Wednesday, September 17, 2008

Readers search for meaning (but they won't find it here)

For lack of anything better to do, today we return to our look at the search terms that lead readers to this blog. The great variety in these terms shows the depth and breadth of topics presented here. It also shows that I am not the only one who has nothing better to do.

Many people show an interest in involving themselves in community action, as is evident by their searches for things like "decorating your cubicle" and "decorating your co-worker's cubicle when they're on vacation." It is heartening to see that America's office workers are concerned about more than just collecting a paycheck. How thoughtful of someone to want to enhance a co-worker's space to welcome him or her back from a restful trip, probably to some exotic place the other person has never been and will
probably never get to visit, like Tahiti. I am surprised the search terms did not also include "toilet paper."
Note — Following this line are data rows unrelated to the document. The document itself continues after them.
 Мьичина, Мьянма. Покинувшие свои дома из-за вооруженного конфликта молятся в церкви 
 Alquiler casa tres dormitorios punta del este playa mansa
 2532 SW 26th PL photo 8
Some readers are rightfully concerned about what is in today's food products, such as the person who searched for "crustaceans in donuts." People have known for years about hot dog fillers, but the tendency for donut suppliers to fill their donuts with questionable animal parts is lesser known. If your donut is crunchy and appears to have several appendages, well, I would stick with hot dogs. Or perhaps this reader was searching for a recipe, in which case I am glad I do not know this person and therefore cannot receive an invitation to brunch.

Crustaceans in donuts are by no means the only food-related searches I see. People are fascinated with "humorous Dove bar sayings." I have personally examined countless Dove bar sayings, in my free time and without any compensation, and have yet to find any I would classify as humorous. A possible way to be amused by Dove bars is to use the wrappers to decorate your co-worker's cubicle.
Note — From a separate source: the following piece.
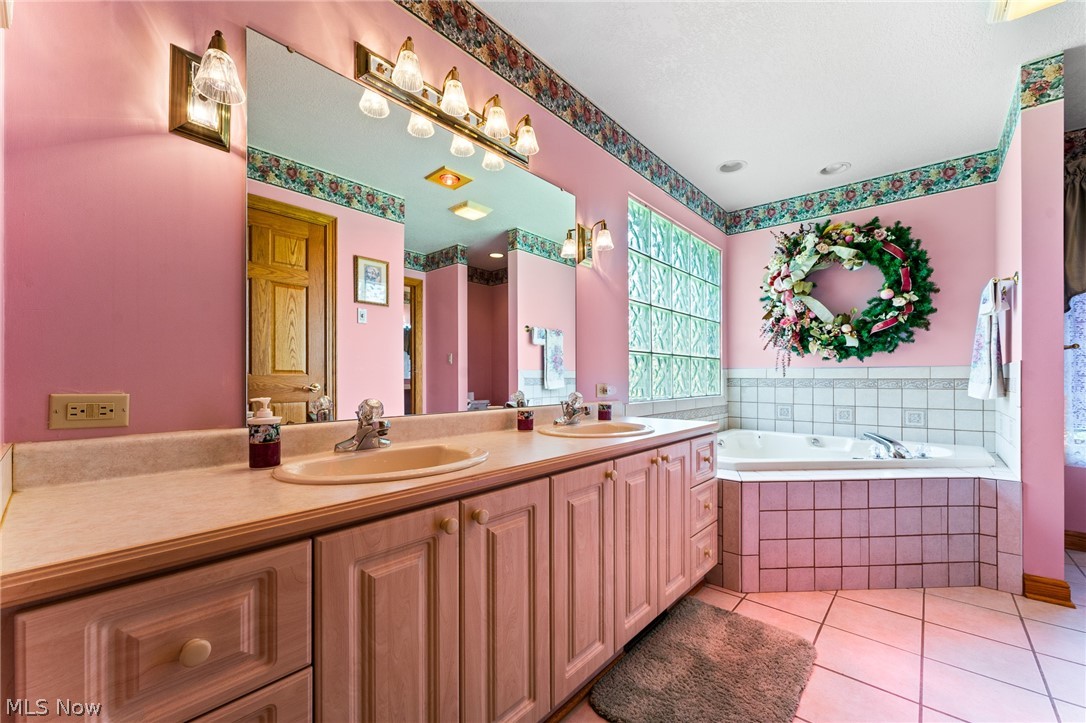 5201 S Saratoga Avenue Austintown OH 44515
In this exciting election time, people also come to this blog to find out where their favorite candidates stand. This can be seen in the many searches for "humorous survey results" and "humorous polls." No doubt these people are hoping to find that yes! Dave Barry is ahead in the presidential race!
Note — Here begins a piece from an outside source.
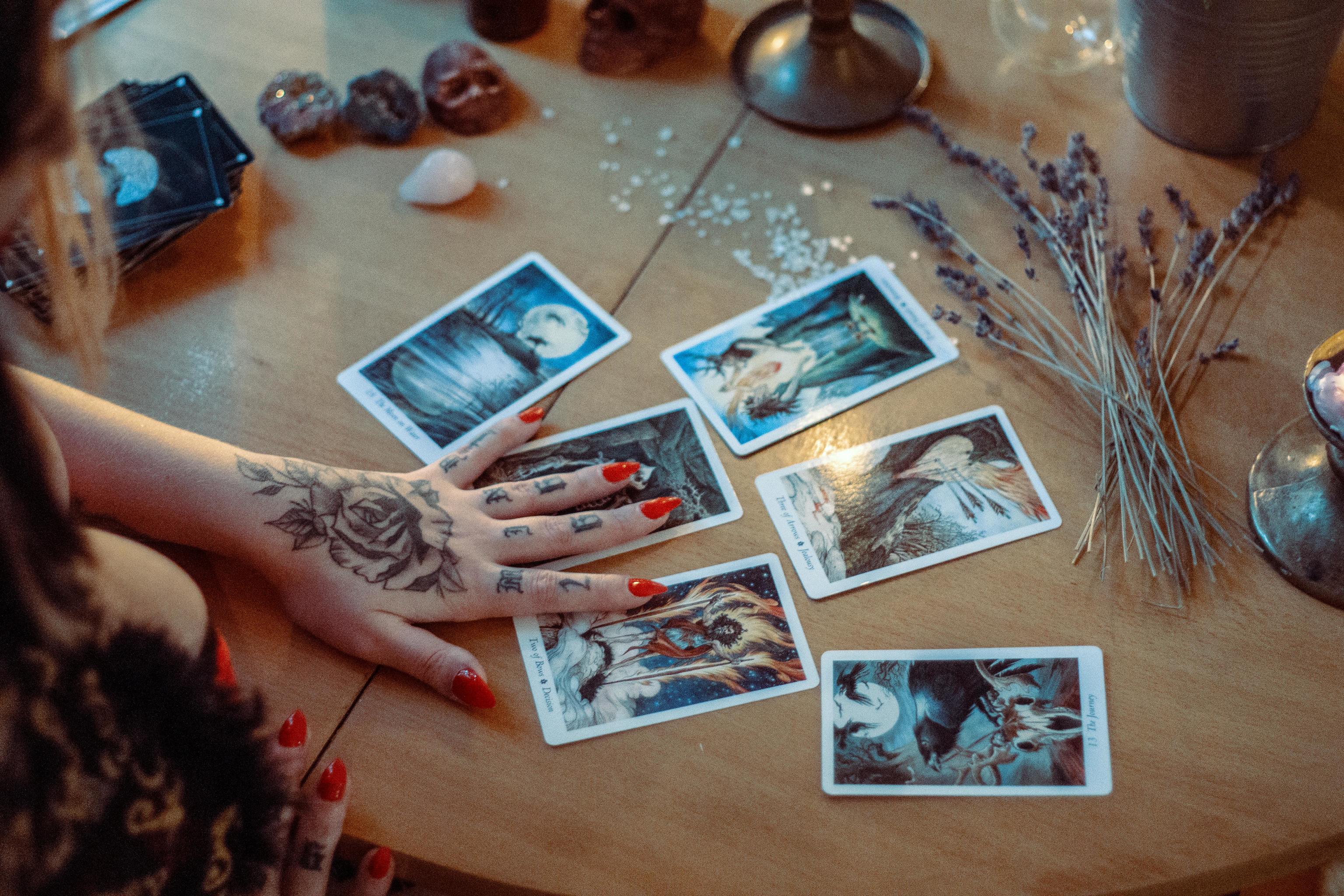Cenar mientras te leen el tarot: así es la coctelería de Barcelona que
Speaking of Dave Barry, whose crusade against low-flush toilets is well known, there is -- judging from recent searches -- an apparent movement to popularize "short toilets." I am heartily in support of this, having been inconvenienced on more than one occasion when visiting my parents, whose toilets all come from some company named Jack the Giant's Commodes.

And finally, some queries focus on life's great mysteries, like "what happened to the cherry chewable Benadryl tablets?" I can only offer this suggestion: Do you get tired and sluggish upon consuming a hot dog? If so, I think you may have your answer.

2 comments:

davebarry said...

Awww, you ruined the surprise! I thought you'd see the delightful humor in biting into a warm, fresh glazed donut, only to see a pair of crayfish eyes winking at you! Guess I'll extend the invitation to someone that needs a lift, like Barack Obama.

Regarding the Dove bars, are you refering to the chocolate or the soap. I can imagine that one would be much more yuk-developing than the other.

ilovecomics said...

Always chocolate, Dave, always chocolate.